_TASK TO COMPLETE_
Return nothing but the lines from the one with "Photo of Bathroom in Cove Murtar" through the one with "Stretta della Polizia" in the data below, word for word and without pictures.

################

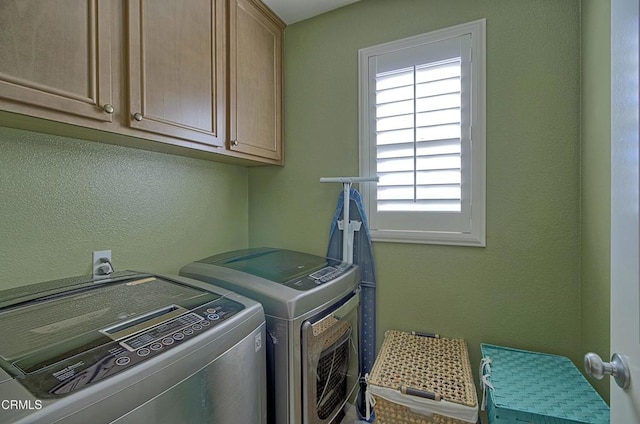 laundry room with cabinets and independent washer and dryer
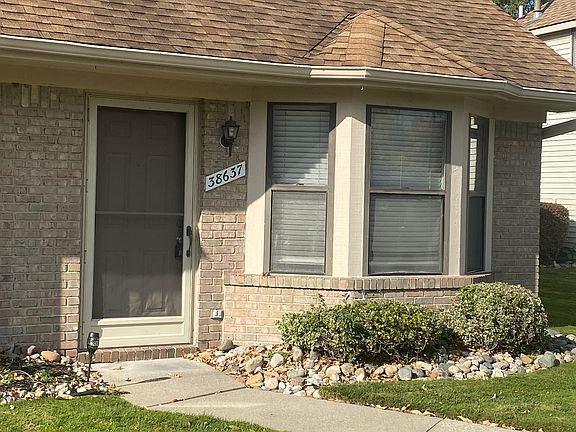 2nd image of 38637 Wellington Dr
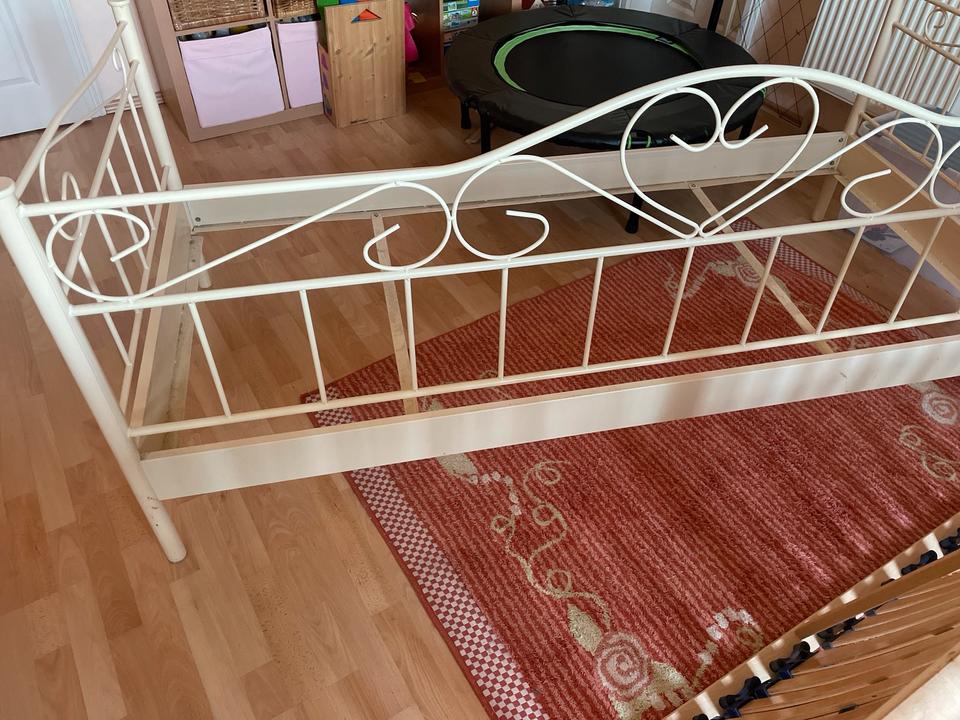 Bett für Mädchen aus Metall , weiß mit Lattenrost in Edewecht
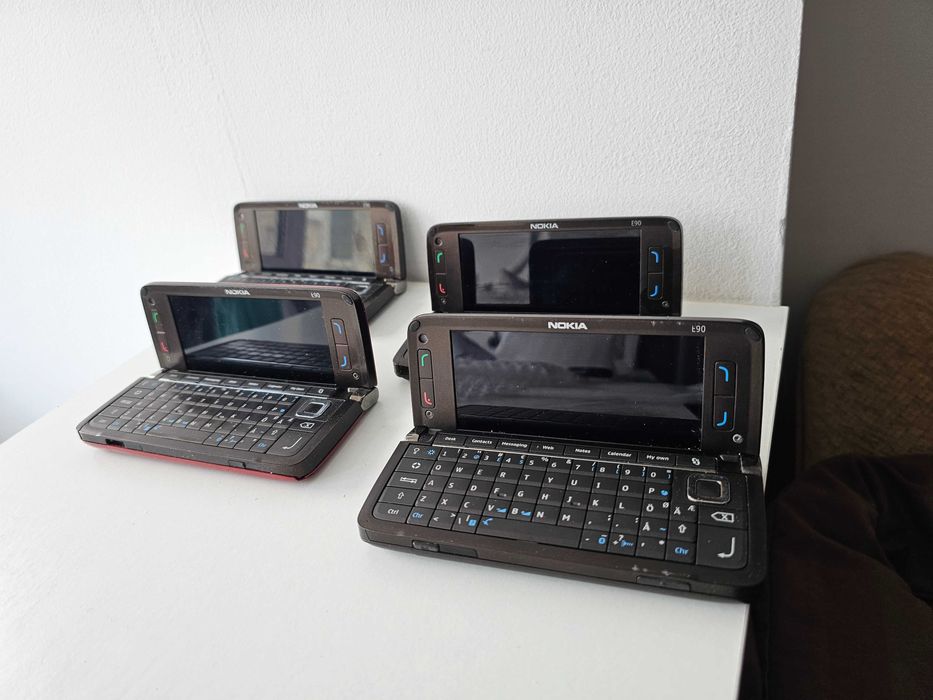Nokia E90 communicator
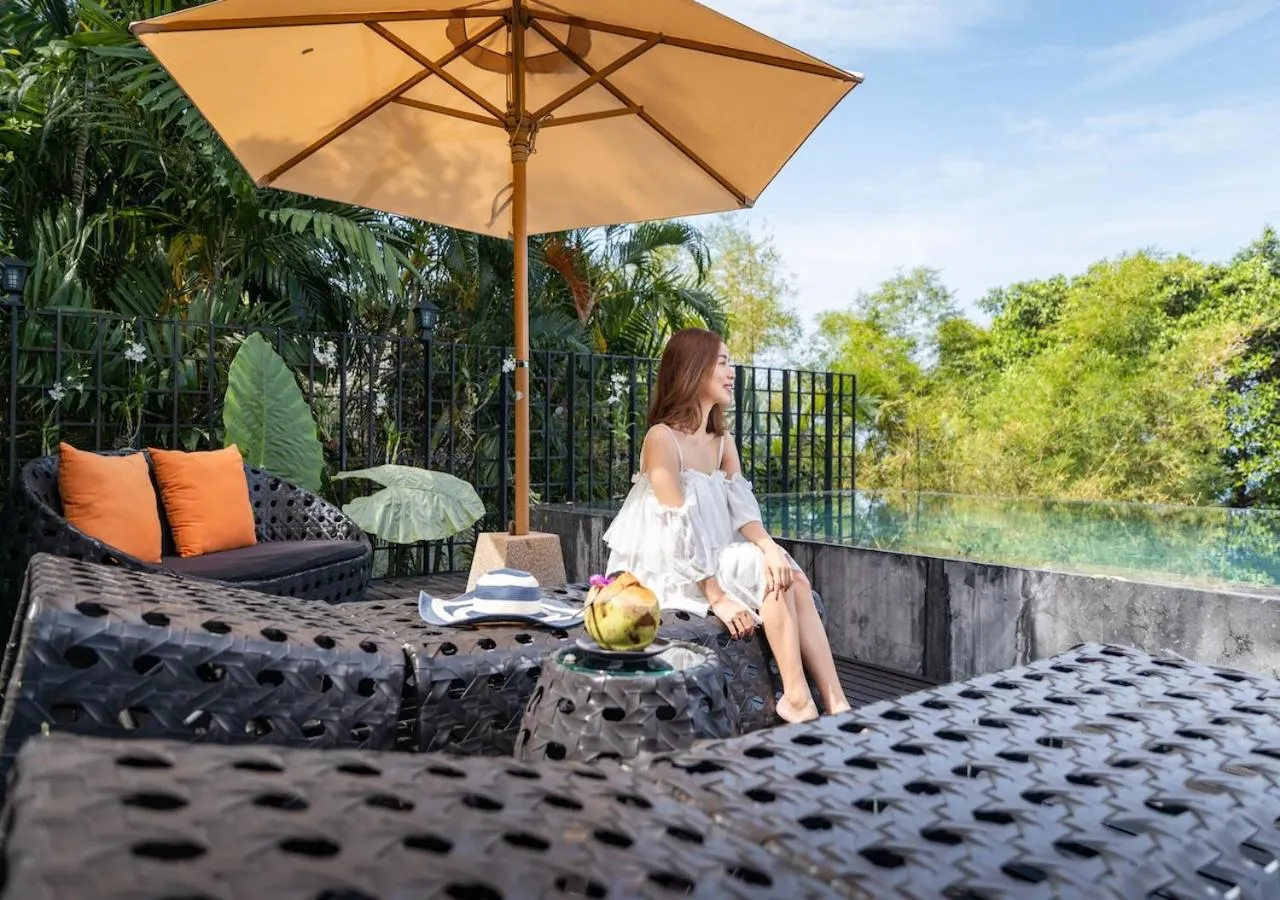Villa Yang, Private Oceanfront Villa, Kamala Beach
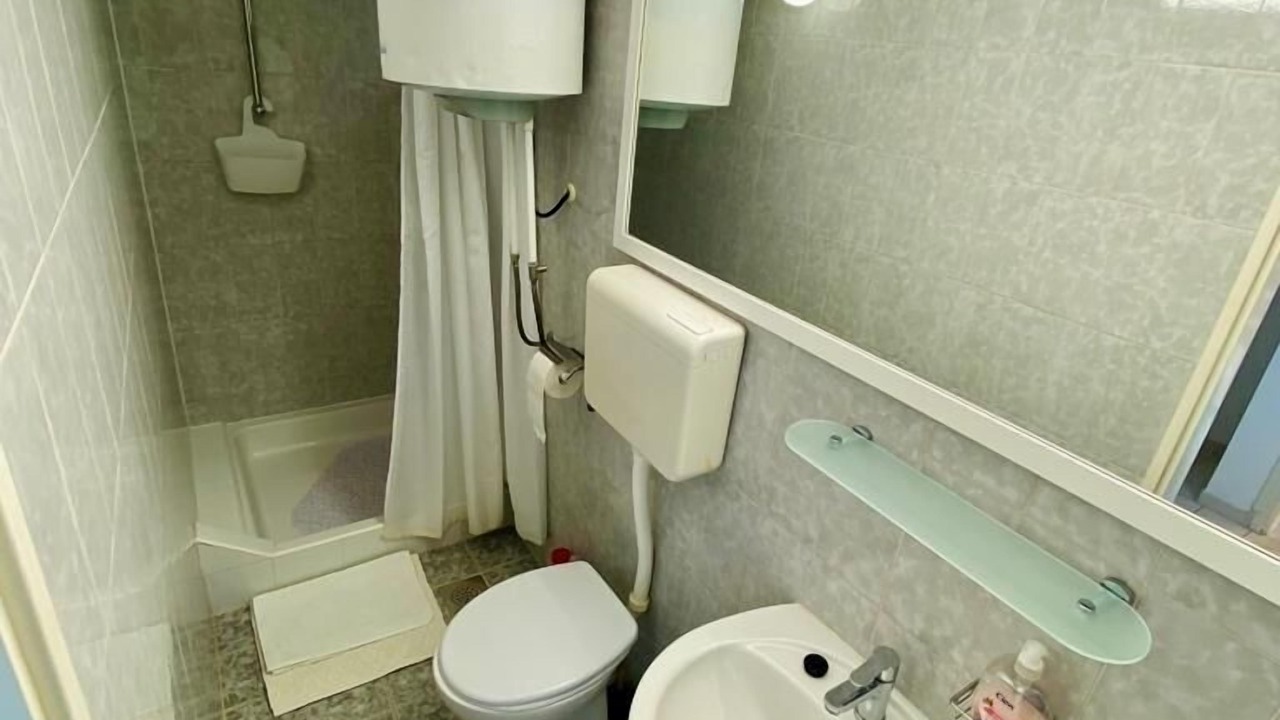 Photo of Bathroom in Cove Murtar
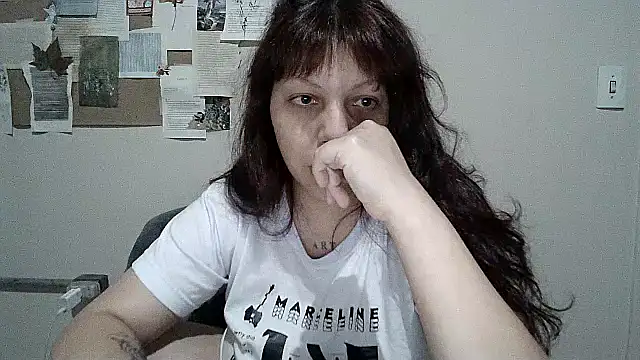 bbyedarling online show from November 3, 2025, 1:29 am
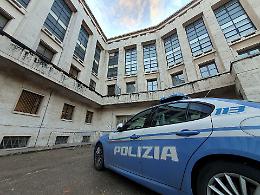 Stretta della Polizia sulle discoteche non autorizzate e i buttafuori abusivi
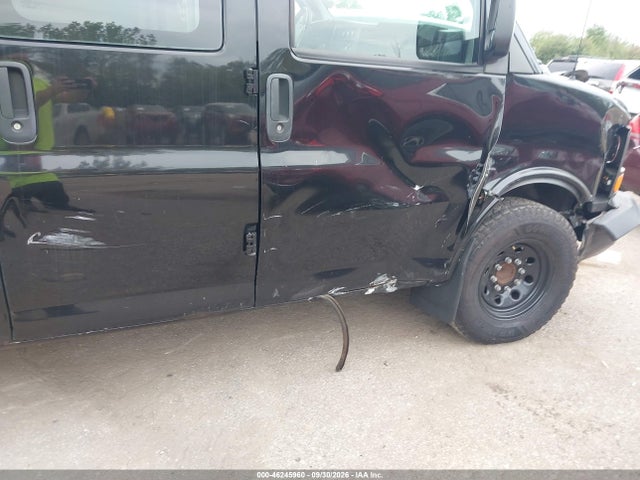 46245960 :رقم المزاد ، 1GCWGFCAXD1180472 vin ، 2013 Chevrolet Express 2500 Work Van مزاد بيع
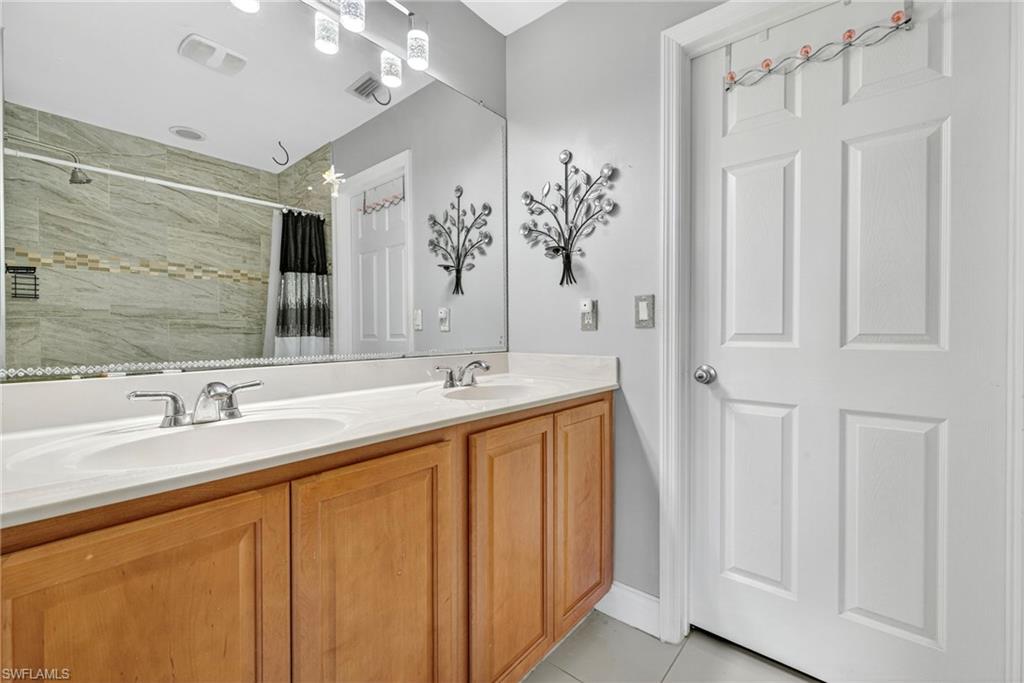 VISTANNA VILLAS - Residential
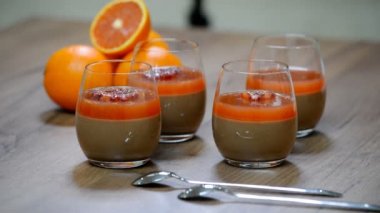 Lezzetli İtalyan tatlı çikolata Panna Cotta ile portakal.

################

_ANSWER SECTION_
 Photo of Bathroom in Cove Murtar
 bbyedarling online show from November 3, 2025, 1:29 am
 Stretta della Polizia sulle discoteche non autorizzate e i buttafuori abusivi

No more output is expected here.